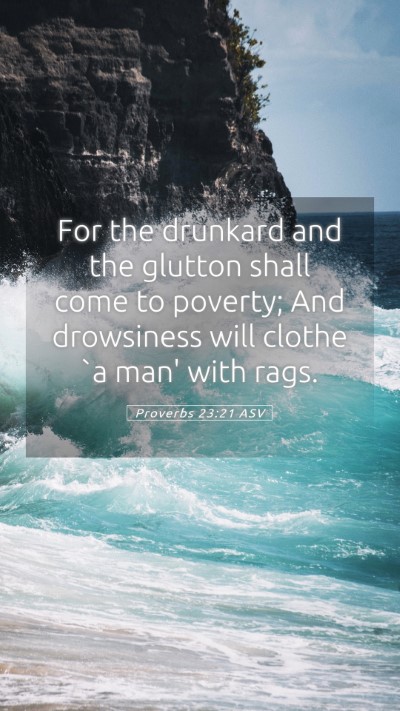 Picture 05 - Proverbs 23:21 ASV Mobile Phone Wallpaper - For the drunkard and the glutton shall come to - Mobile Bible Verse Wallpaper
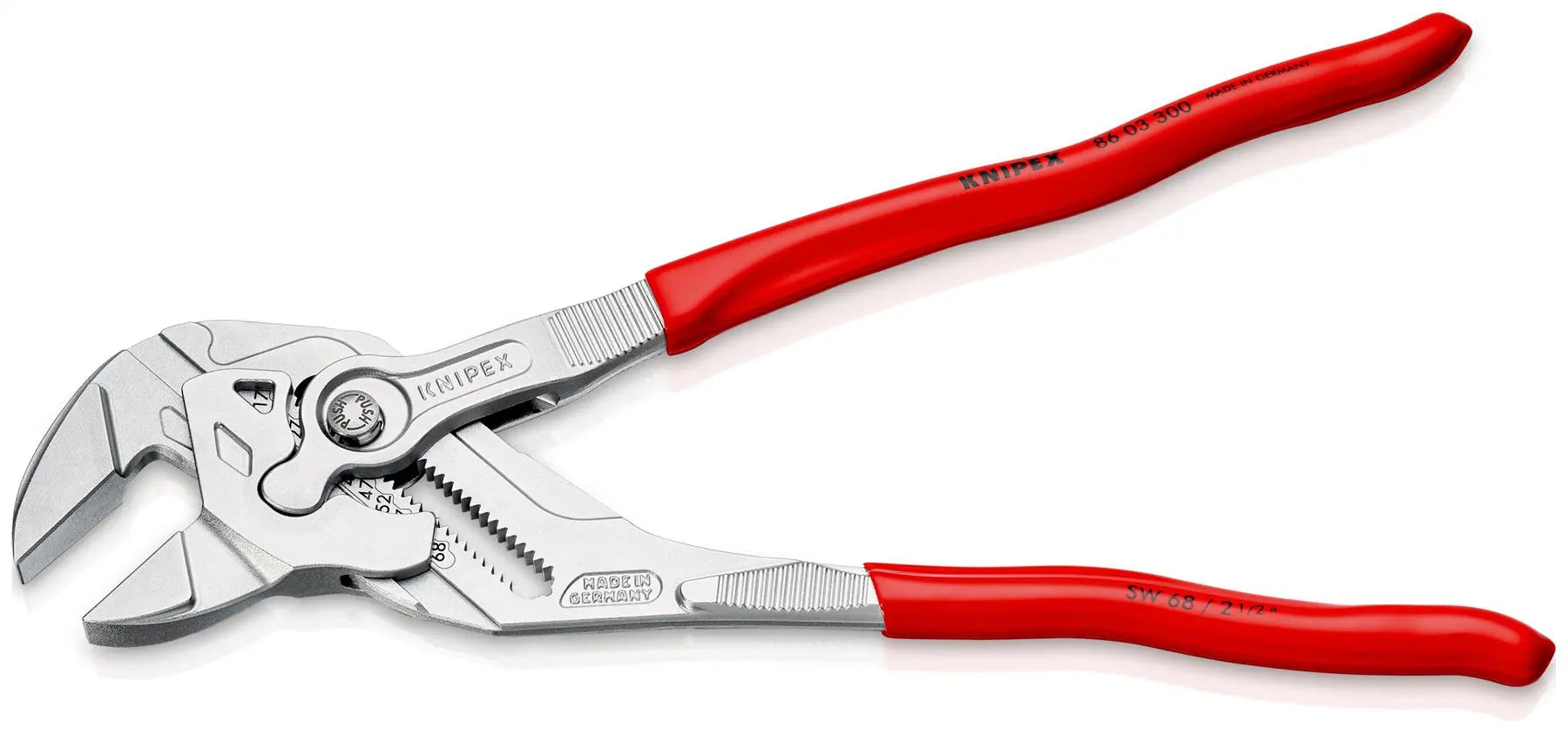 KNIPEX Pliers Wrench Slip Joint Plier 300mm Chrome Plastic Coated Handles 86 03 300 SB White Rose Tools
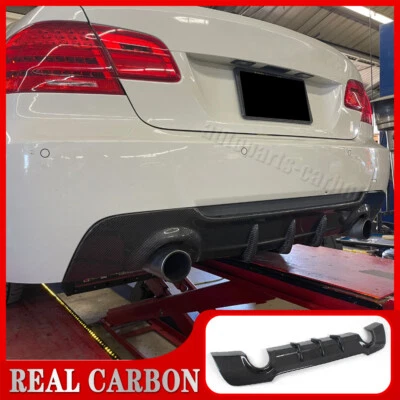 For BMW E92 E93 325i 335i M-Sport 2007-2012 REAL CARBON Rear Bumper Diffuser Lip - Image 1 of 4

-- Task directions --
Write out the lines of the listing from the one that holds "KNIPEX Pliers Wrench" to the very last line, both included, exactly as they appear and without any pictures.

-- Exercise output --
 KNIPEX Pliers Wrench Slip Joint Plier 300mm Chrome Plastic Coated Handles 86 03 300 SB White Rose Tools
 For BMW E92 E93 325i 335i M-Sport 2007-2012 REAL CARBON Rear Bumper Diffuser Lip - Image 1 of 4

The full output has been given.